§ WORK TO BE COMPLETED:
Omit the images and output every line of the data below exactly.

§ PROVIDED DATA:

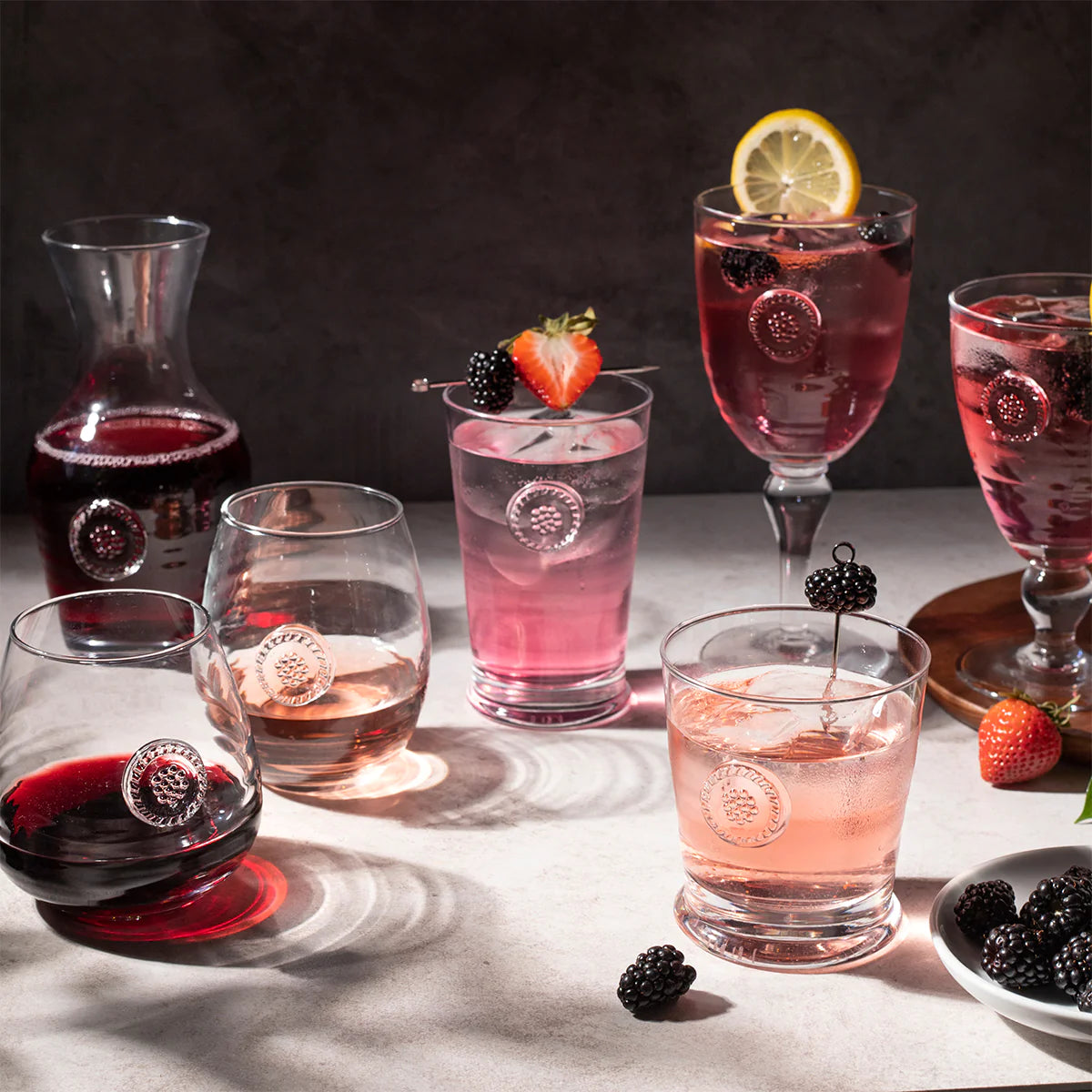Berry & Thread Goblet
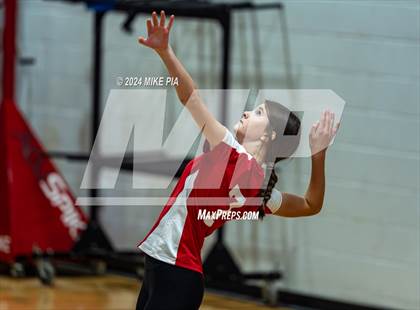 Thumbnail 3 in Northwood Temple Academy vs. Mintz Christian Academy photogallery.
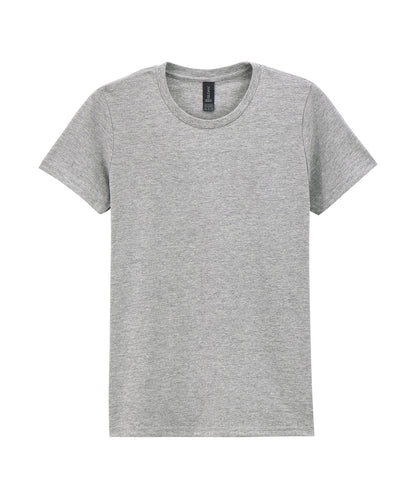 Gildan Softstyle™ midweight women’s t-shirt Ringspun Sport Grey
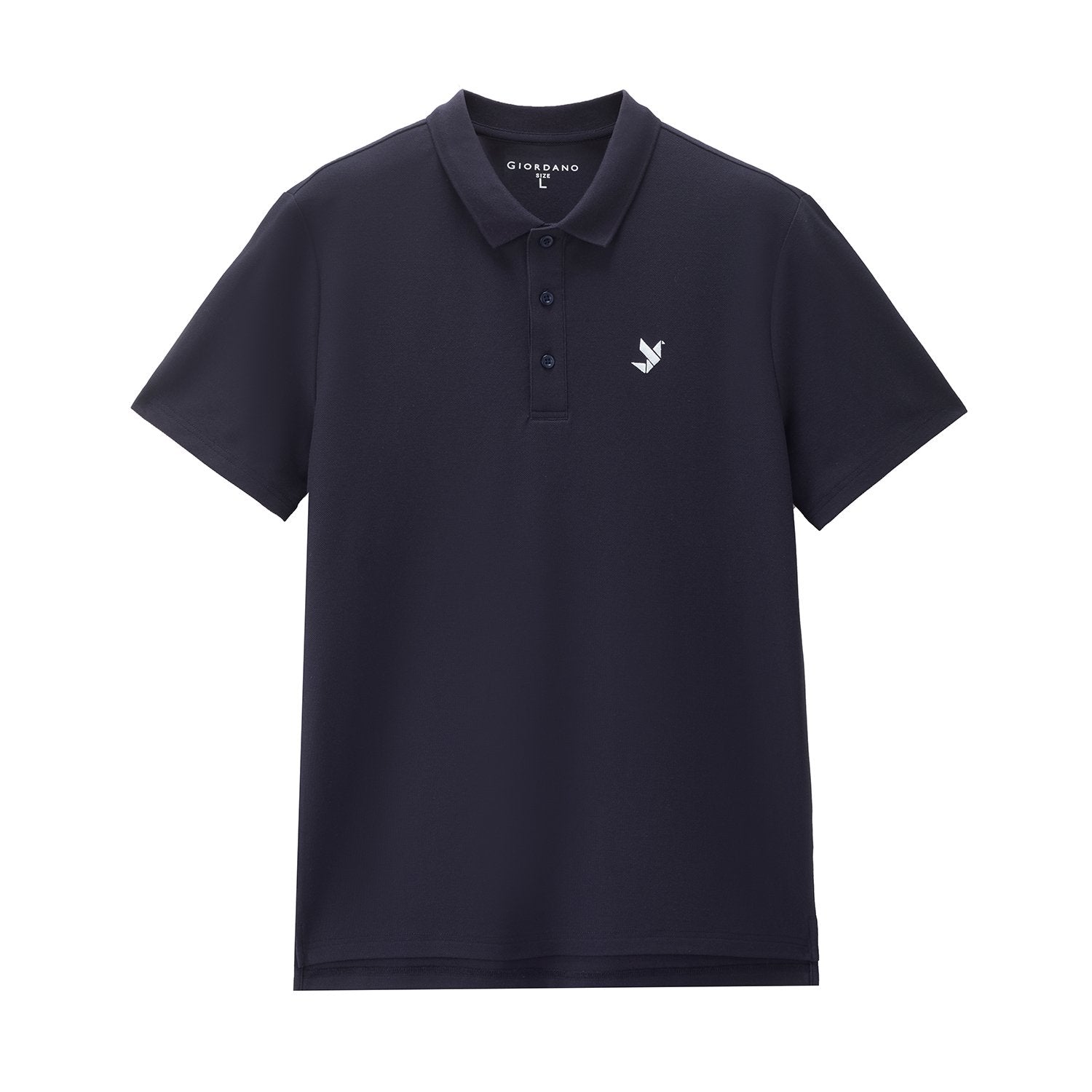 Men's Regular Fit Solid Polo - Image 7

§ ANSWER TO THIS PROBLEM:
Berry & Thread Goblet
 Thumbnail 3 in Northwood Temple Academy vs. Mintz Christian Academy photogallery.
 Gildan Softstyle™ midweight women’s t-shirt Ringspun Sport Grey
 Men's Regular Fit Solid Polo - Image 7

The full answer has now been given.